* EXERCISE OBJECTIVE *
Each entry here needs to be given again exactly.

(Short web captions)
=-=-=-=-=
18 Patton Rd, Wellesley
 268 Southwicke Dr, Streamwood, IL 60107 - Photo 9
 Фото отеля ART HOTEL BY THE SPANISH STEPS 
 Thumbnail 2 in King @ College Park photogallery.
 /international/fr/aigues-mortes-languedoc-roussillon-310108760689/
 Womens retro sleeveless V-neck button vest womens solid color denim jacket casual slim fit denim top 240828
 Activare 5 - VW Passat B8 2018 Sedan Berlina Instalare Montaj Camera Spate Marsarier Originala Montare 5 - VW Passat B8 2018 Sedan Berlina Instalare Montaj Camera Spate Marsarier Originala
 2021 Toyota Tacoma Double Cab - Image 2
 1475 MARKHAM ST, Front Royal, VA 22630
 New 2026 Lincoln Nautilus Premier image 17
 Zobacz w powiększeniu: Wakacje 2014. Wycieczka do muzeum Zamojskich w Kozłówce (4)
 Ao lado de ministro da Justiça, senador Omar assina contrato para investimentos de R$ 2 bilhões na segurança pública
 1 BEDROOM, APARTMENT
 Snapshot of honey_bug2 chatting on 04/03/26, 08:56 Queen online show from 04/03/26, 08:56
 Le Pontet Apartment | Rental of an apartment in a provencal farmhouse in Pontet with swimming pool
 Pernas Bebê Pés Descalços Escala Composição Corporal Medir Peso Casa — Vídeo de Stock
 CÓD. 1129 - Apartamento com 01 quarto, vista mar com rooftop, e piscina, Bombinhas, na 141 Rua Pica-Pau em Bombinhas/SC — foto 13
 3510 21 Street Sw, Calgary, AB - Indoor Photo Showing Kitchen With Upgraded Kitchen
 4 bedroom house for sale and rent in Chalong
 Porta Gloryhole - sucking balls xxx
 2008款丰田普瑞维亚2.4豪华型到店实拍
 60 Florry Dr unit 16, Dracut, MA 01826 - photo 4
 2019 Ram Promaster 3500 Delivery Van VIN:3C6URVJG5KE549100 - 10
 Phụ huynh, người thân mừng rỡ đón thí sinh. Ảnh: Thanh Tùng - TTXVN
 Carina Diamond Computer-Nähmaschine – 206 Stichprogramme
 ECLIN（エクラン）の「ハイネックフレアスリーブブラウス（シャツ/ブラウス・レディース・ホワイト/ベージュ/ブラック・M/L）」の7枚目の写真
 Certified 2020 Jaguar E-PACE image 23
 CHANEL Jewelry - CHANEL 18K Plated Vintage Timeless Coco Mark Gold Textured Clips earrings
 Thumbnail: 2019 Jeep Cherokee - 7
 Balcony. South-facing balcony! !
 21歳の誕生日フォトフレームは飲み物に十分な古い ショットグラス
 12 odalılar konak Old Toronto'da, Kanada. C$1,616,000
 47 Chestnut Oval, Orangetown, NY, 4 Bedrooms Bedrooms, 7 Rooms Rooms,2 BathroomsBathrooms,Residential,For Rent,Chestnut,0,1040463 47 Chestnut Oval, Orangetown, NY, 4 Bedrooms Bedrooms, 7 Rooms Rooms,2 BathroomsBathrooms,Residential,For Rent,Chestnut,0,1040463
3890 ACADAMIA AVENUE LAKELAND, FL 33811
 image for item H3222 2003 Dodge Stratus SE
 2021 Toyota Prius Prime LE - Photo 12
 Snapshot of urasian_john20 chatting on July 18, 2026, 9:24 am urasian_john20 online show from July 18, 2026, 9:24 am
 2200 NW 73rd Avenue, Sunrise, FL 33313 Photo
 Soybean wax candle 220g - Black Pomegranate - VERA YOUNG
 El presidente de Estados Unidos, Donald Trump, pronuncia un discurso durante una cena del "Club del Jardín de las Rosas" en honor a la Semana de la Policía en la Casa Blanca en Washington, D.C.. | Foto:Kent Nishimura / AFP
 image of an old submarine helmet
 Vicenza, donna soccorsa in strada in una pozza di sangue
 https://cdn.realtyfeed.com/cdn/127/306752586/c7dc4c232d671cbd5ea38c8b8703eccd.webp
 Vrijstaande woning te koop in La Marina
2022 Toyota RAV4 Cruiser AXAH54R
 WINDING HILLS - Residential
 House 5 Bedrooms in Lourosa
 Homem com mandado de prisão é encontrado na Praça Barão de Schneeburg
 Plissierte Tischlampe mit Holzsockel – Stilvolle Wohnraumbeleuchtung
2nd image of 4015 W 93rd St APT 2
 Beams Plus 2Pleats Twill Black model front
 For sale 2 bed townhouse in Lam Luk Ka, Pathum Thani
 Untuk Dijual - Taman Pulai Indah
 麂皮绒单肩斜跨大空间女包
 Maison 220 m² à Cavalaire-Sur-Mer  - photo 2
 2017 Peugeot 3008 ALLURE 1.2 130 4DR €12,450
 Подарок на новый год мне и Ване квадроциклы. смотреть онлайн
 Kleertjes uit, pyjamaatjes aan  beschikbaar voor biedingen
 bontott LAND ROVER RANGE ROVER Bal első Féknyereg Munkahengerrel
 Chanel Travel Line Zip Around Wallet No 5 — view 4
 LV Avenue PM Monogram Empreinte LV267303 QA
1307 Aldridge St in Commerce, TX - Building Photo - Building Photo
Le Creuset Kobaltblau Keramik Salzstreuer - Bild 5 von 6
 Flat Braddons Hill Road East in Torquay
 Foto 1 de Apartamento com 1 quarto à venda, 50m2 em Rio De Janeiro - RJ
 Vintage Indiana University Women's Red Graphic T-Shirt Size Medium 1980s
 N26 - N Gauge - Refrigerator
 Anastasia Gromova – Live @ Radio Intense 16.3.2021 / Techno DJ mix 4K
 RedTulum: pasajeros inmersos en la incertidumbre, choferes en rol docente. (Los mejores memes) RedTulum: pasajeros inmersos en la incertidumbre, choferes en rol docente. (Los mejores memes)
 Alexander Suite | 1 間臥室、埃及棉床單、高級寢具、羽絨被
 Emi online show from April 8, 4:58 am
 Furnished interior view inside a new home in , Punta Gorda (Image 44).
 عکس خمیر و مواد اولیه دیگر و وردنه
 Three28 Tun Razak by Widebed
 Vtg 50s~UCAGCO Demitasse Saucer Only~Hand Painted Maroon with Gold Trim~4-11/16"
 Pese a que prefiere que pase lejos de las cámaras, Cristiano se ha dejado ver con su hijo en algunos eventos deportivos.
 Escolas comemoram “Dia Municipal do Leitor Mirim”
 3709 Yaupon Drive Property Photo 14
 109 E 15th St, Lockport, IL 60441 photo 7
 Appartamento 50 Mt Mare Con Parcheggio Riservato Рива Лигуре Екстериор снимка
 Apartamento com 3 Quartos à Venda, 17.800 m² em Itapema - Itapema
=-=-=-=-=
* OUTPUT *
18 Patton Rd, Wellesley
 268 Southwicke Dr, Streamwood, IL 60107 - Photo 9
 Фото отеля ART HOTEL BY THE SPANISH STEPS 
 Thumbnail 2 in King @ College Park photogallery.
 /international/fr/aigues-mortes-languedoc-roussillon-310108760689/
 Womens retro sleeveless V-neck button vest womens solid color denim jacket casual slim fit denim top 240828
 Activare 5 - VW Passat B8 2018 Sedan Berlina Instalare Montaj Camera Spate Marsarier Originala Montare 5 - VW Passat B8 2018 Sedan Berlina Instalare Montaj Camera Spate Marsarier Originala
 2021 Toyota Tacoma Double Cab - Image 2
 1475 MARKHAM ST, Front Royal, VA 22630
 New 2026 Lincoln Nautilus Premier image 17
 Zobacz w powiększeniu: Wakacje 2014. Wycieczka do muzeum Zamojskich w Kozłówce (4)
 Ao lado de ministro da Justiça, senador Omar assina contrato para investimentos de R$ 2 bilhões na segurança pública
 1 BEDROOM, APARTMENT
 Snapshot of honey_bug2 chatting on 04/03/26, 08:56 Queen online show from 04/03/26, 08:56
 Le Pontet Apartment | Rental of an apartment in a provencal farmhouse in Pontet with swimming pool
 Pernas Bebê Pés Descalços Escala Composição Corporal Medir Peso Casa — Vídeo de Stock
 CÓD. 1129 - Apartamento com 01 quarto, vista mar com rooftop, e piscina, Bombinhas, na 141 Rua Pica-Pau em Bombinhas/SC — foto 13
 3510 21 Street Sw, Calgary, AB - Indoor Photo Showing Kitchen With Upgraded Kitchen
 4 bedroom house for sale and rent in Chalong
 Porta Gloryhole - sucking balls xxx
 2008款丰田普瑞维亚2.4豪华型到店实拍
 60 Florry Dr unit 16, Dracut, MA 01826 - photo 4
 2019 Ram Promaster 3500 Delivery Van VIN:3C6URVJG5KE549100 - 10
 Phụ huynh, người thân mừng rỡ đón thí sinh. Ảnh: Thanh Tùng - TTXVN
 Carina Diamond Computer-Nähmaschine – 206 Stichprogramme
 ECLIN（エクラン）の「ハイネックフレアスリーブブラウス（シャツ/ブラウス・レディース・ホワイト/ベージュ/ブラック・M/L）」の7枚目の写真
 Certified 2020 Jaguar E-PACE image 23
 CHANEL Jewelry - CHANEL 18K Plated Vintage Timeless Coco Mark Gold Textured Clips earrings
 Thumbnail: 2019 Jeep Cherokee - 7
 Balcony. South-facing balcony! !
 21歳の誕生日フォトフレームは飲み物に十分な古い ショットグラス
 12 odalılar konak Old Toronto'da, Kanada. C$1,616,000
 47 Chestnut Oval, Orangetown, NY, 4 Bedrooms Bedrooms, 7 Rooms Rooms,2 BathroomsBathrooms,Residential,For Rent,Chestnut,0,1040463 47 Chestnut Oval, Orangetown, NY, 4 Bedrooms Bedrooms, 7 Rooms Rooms,2 BathroomsBathrooms,Residential,For Rent,Chestnut,0,1040463
3890 ACADAMIA AVENUE LAKELAND, FL 33811
 image for item H3222 2003 Dodge Stratus SE
 2021 Toyota Prius Prime LE - Photo 12
 Snapshot of urasian_john20 chatting on July 18, 2026, 9:24 am urasian_john20 online show from July 18, 2026, 9:24 am
 2200 NW 73rd Avenue, Sunrise, FL 33313 Photo
 Soybean wax candle 220g - Black Pomegranate - VERA YOUNG
 El presidente de Estados Unidos, Donald Trump, pronuncia un discurso durante una cena del "Club del Jardín de las Rosas" en honor a la Semana de la Policía en la Casa Blanca en Washington, D.C.. | Foto:Kent Nishimura / AFP
 image of an old submarine helmet
 Vicenza, donna soccorsa in strada in una pozza di sangue
 https://cdn.realtyfeed.com/cdn/127/306752586/c7dc4c232d671cbd5ea38c8b8703eccd.webp
 Vrijstaande woning te koop in La Marina
2022 Toyota RAV4 Cruiser AXAH54R
 WINDING HILLS - Residential
 House 5 Bedrooms in Lourosa
 Homem com mandado de prisão é encontrado na Praça Barão de Schneeburg
 Plissierte Tischlampe mit Holzsockel – Stilvolle Wohnraumbeleuchtung
2nd image of 4015 W 93rd St APT 2
 Beams Plus 2Pleats Twill Black model front
 For sale 2 bed townhouse in Lam Luk Ka, Pathum Thani
 Untuk Dijual - Taman Pulai Indah
 麂皮绒单肩斜跨大空间女包
 Maison 220 m² à Cavalaire-Sur-Mer  - photo 2
 2017 Peugeot 3008 ALLURE 1.2 130 4DR €12,450
 Подарок на новый год мне и Ване квадроциклы. смотреть онлайн
 Kleertjes uit, pyjamaatjes aan  beschikbaar voor biedingen
 bontott LAND ROVER RANGE ROVER Bal első Féknyereg Munkahengerrel
 Chanel Travel Line Zip Around Wallet No 5 — view 4
 LV Avenue PM Monogram Empreinte LV267303 QA
1307 Aldridge St in Commerce, TX - Building Photo - Building Photo
Le Creuset Kobaltblau Keramik Salzstreuer - Bild 5 von 6
 Flat Braddons Hill Road East in Torquay
 Foto 1 de Apartamento com 1 quarto à venda, 50m2 em Rio De Janeiro - RJ
 Vintage Indiana University Women's Red Graphic T-Shirt Size Medium 1980s
 N26 - N Gauge - Refrigerator
 Anastasia Gromova – Live @ Radio Intense 16.3.2021 / Techno DJ mix 4K
 RedTulum: pasajeros inmersos en la incertidumbre, choferes en rol docente. (Los mejores memes) RedTulum: pasajeros inmersos en la incertidumbre, choferes en rol docente. (Los mejores memes)
 Alexander Suite | 1 間臥室、埃及棉床單、高級寢具、羽絨被
 Emi online show from April 8, 4:58 am
 Furnished interior view inside a new home in , Punta Gorda (Image 44).
 عکس خمیر و مواد اولیه دیگر و وردنه
 Three28 Tun Razak by Widebed
 Vtg 50s~UCAGCO Demitasse Saucer Only~Hand Painted Maroon with Gold Trim~4-11/16"
 Pese a que prefiere que pase lejos de las cámaras, Cristiano se ha dejado ver con su hijo en algunos eventos deportivos.
 Escolas comemoram “Dia Municipal do Leitor Mirim”
 3709 Yaupon Drive Property Photo 14
 109 E 15th St, Lockport, IL 60441 photo 7
 Appartamento 50 Mt Mare Con Parcheggio Riservato Рива Лигуре Екстериор снимка
 Apartamento com 3 Quartos à Venda, 17.800 m² em Itapema - Itapema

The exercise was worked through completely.